Quel fascino classico rimane ancora attaccato a questo luogo. Attraversata la terra degli uomini i racconti mitici hanno trovato riposo nei Campi Elisi, e sul Monte dell’Inferno di cui Omero cantava: «Disgrazia della stirpe alata, il suo ventre sulfureo emetteva un ruscello di veleno nauseante; nero di tenebre, pieno di tetri boschi, le tribù circostanti lo veneravano con profondo ardore religioso».[1] Quando ispezioniamo questi luoghi più da vicino capiamo che fortunato ritrovamento essi fossero per la mitologia. Quando dobbiamo misurarci con il favoloso, delle prove materiali sono di grande aiuto per mettere a tacere il dubbio. Qui il Cielo e l’Inferno erano l’uno accanto all’altro: che altra prova era necessaria?

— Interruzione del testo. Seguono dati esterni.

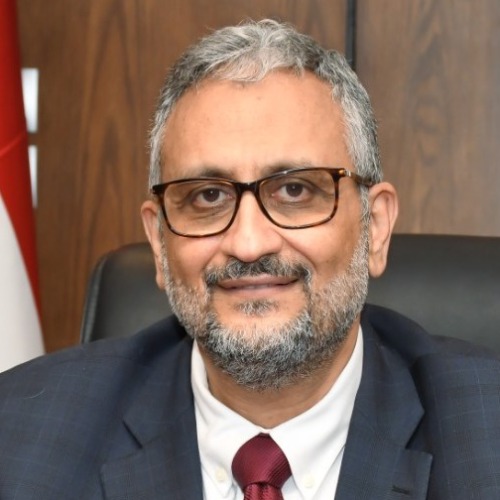 H.E. Eng Khalid Mustafa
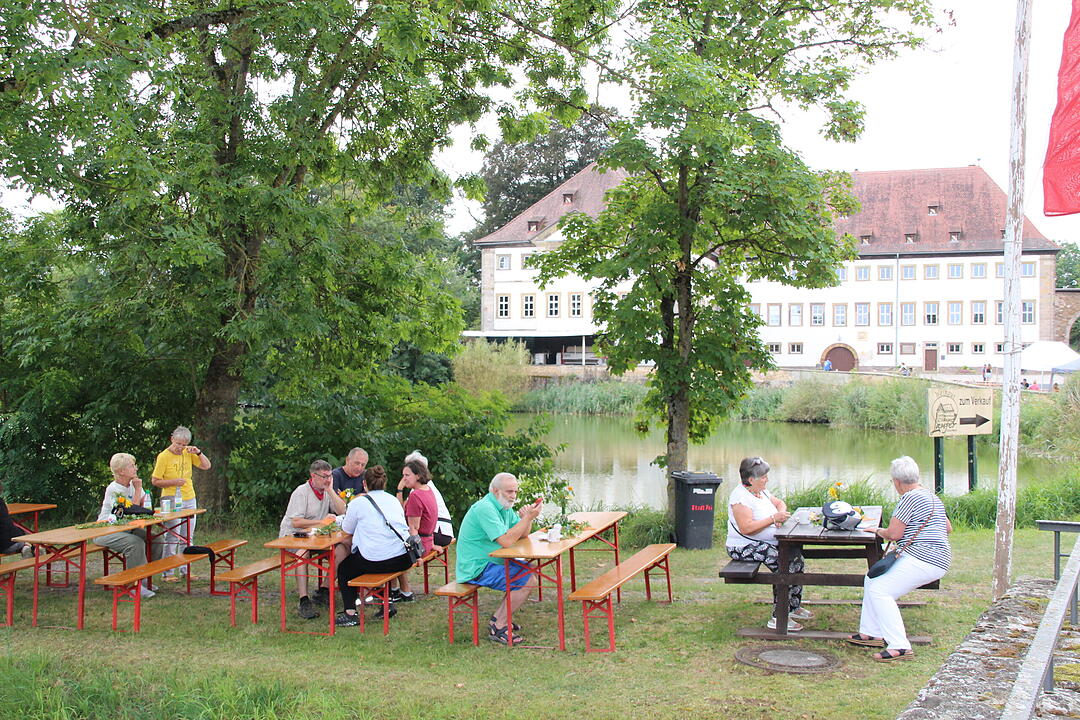 Kreisheimattag Bimbach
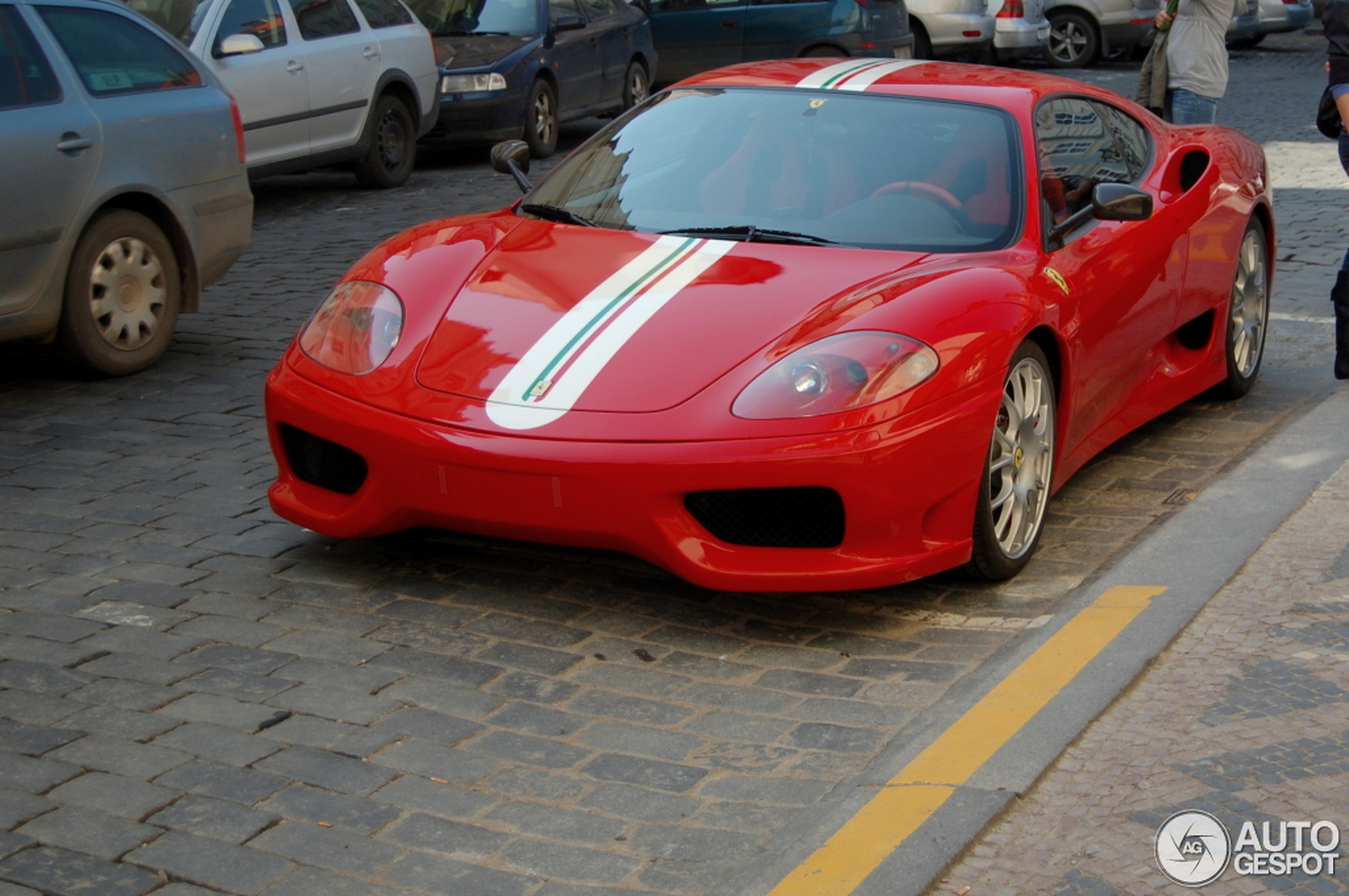 Ferrari Challenge Stradale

Ma per quanto i nostri pensieri stiano vagando, noi cerchiamo ancora l’Epomeo. Berkeley, scrivendo al poeta Pope, disse della vista: «Hai il più bel panorama del mondo, coprendo con un solo sguardo – oltre a diverse isole graziose che giacciono ai tuoi piedi – un tratto d’Italia di circa trecento miglia in lunghezza, dal promontorio di Anzio al Capo di Palinuro».
[…]
Guardando giù vediamo il porto quasi circolare di Ischia Porto, formato dalla Natura e finito dall’uomo. Anticamente era un vulcano attivo, e sputava cenere con tanto vigore quanto il suo genitore dietro di lui. Poi i suoi fuochi sono diminuiti e si può immaginare che il suo lavoro fosse compiuto. Ma non è così. Gli ingegneri del 1856 hanno visto in esso la loro opportunità: «Qui – hanno detto – c’è un piccolo cratere inutile. Si trova convenientemente vicino al mare. Facciamogli un’apertura, e rendiamolo un porto». Così ora navi giacciono ormeggiate dove una volta la lava ribolliva. Guardando questo rifugio accogliente ti senti di aggiungere un’altra frase alla profezia delle Scritture: «Forgeranno le loro spade in vomeri, le loro lance in falci – e i loro crateri in porti».[2]
NOTE:
[1] La citazione non è omerica, ma appartiene a Silius Italicus, XII, 122-125.
[2] Isaia 2,4.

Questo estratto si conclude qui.